Wenn jemand eine Änderung an diesem Dokument vornehmen will holt er sich die DocBook-Datei oder tut dies an einem online Editor.

Wenn man mag kann man dahinter ein cvs/subversion stellen und hätte auch gleich die Versionierung/Änderungsverfolgung sinnvoll gelöst.

Wenn sich das(oder anders) mit bem bisherigen Konzept vereinbaren liese leiste ich gerne einen Anteil bei der Umsetzung. 

Von Einmannprojekten halte ich nicht viel, nicht das kein funktionierendes Ergebniss erreicht würde. Ich glaube Ihr wisst was ich meine...

Gruß

----------

## ian!

 *pi wrote:*   

> Wenn jemand Dokumentation erstellen will, tut er dies mit einem Editor seiner wahl. Sendet seine Dokumentation ein (über ein Webinterface), hier wird das Dokument geparst und sicher gestellt das es den Anforderungen entspricht. Dieses Dokument wird auf einem Server abgelegt. Es wird konvertiert (jetzt kommt auch das gentoo-Layout dazu ) und online gestellt.
> 
> 

 

So soll es sein.

 *pi wrote:*   

> 
> 
> Wenn jemand eine Änderung an diesem Dokument vornehmen will holt er sich die DocBook-Datei oder tut dies an einem online Editor.
> 
> 

 

ACK.

 *pi wrote:*   

> 
> 
> Wenn man mag kann man dahinter ein cvs/subversion stellen und hätte auch gleich die Versionierung/Änderungsverfolgung sinnvoll gelöst.
> 
> 

 

Die Versionsverwaltung und diff soll intern abgebildet werden.

 *pi wrote:*   

> 
> 
> Wenn sich das(oder anders) mit bem bisherigen Konzept vereinbaren liese leiste ich gerne einen Anteil bei der Umsetzung. 
> 
> Von Einmannprojekten halte ich nicht viel, nicht das kein funktionierendes Ergebniss erreicht würde. Ich glaube Ihr wisst was ich meine...
> ...

 

Es soll ja auch kein Einmannprojekt bleiben. Wenn Du möchtest, könntest Du dich mit DocBook auseinandersetzen und diesen Teil implementieren. Wenn Du wirklich mit einsteigen wollen würdest, dann müsste ich auch schon recht zeitnah eine Projekthomepage fertigmachen.

Würdest Du dich denn für die Realisierung des DocBook-Parts interessieren?

Gruß,

ian!

----------

## pi

@ian

ich habe mich wohl etwas missverständlich ausgedrückt. Meinte, ich hätte keine Lust als Einmannprojekt daran zu werkeln.

 *Quote:*   

> Würdest Du dich denn für die Realisierung des DocBook-Parts interessieren? 

 

Dem ist so, wir solltens uns jedoch dann als erstes abstimmen.

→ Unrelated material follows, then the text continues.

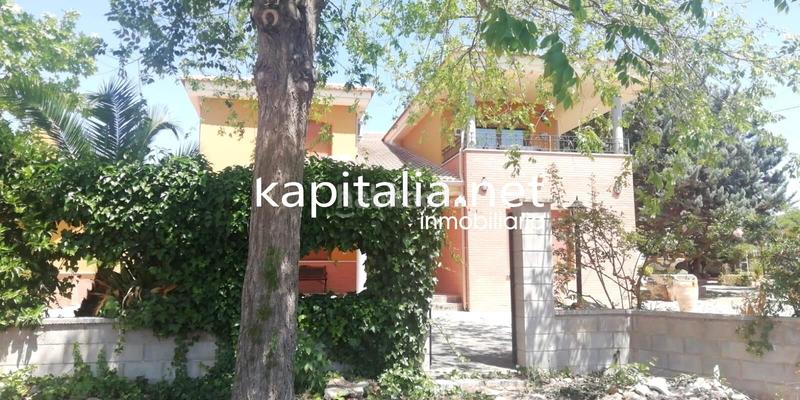 Foto da5d1cee-2c1a-4905-8e9b-10bc1f64cfac. Chalet avec parking piscine dans Banyeres de Mariola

Stimmt die Mailadresse bei web.de?

Gruß

----------

## ian!

 *pi wrote:*   

> @ian
> 
> ich habe mich wohl etwas missverständlich ausgedrückt. Meinte, ich hätte keine Lust als Einmannprojekt daran zu werkeln.
> 
> 

 

Ach so!  :Wink: 

Na, daß bekommen wir schon hin!

 *pi wrote:*   

> 
> 
> Stimmt die Mailadresse bei web.de?
> 
> 

 

Ja.

Gruß,

ian!

----------

## ian!

Alpha3 released:

http://www.diefleissigen.de/cgi-bin/editorlogin.pl

Changelog und Projectsite folgen zur Alpha4.

Wünsche, Vorschläge und Kritik sind jederzeit willkommen. 

Gruß, 

ian!

----------

## pi

Mit Opera kommt es zu einem Darstellungsfehler.

Gruß

PS: hast Du meine Mail erhalten?

----------

## ian!

 *pi wrote:*   

> Mit Opera kommt es zu einem Darstellungsfehler.
> 
> 

 

Ah ja! Werde ich beheben.

 *pi wrote:*   

> hast Du meine Mail erhalten?

 

Klar. Wollte nur erst einige Gedanken sammeln und meinen Hirnschmalz in gesammelter Form bei Dir abgeben. Ich denke heute Abend werde ich dafür etwas Zeit finden.

Gruß,

ian!

----------

## wuschel

Hi ian!

Benötigt man bestimmte Browser-Einstellungen zur vernünftigen Darstellung deines Editors?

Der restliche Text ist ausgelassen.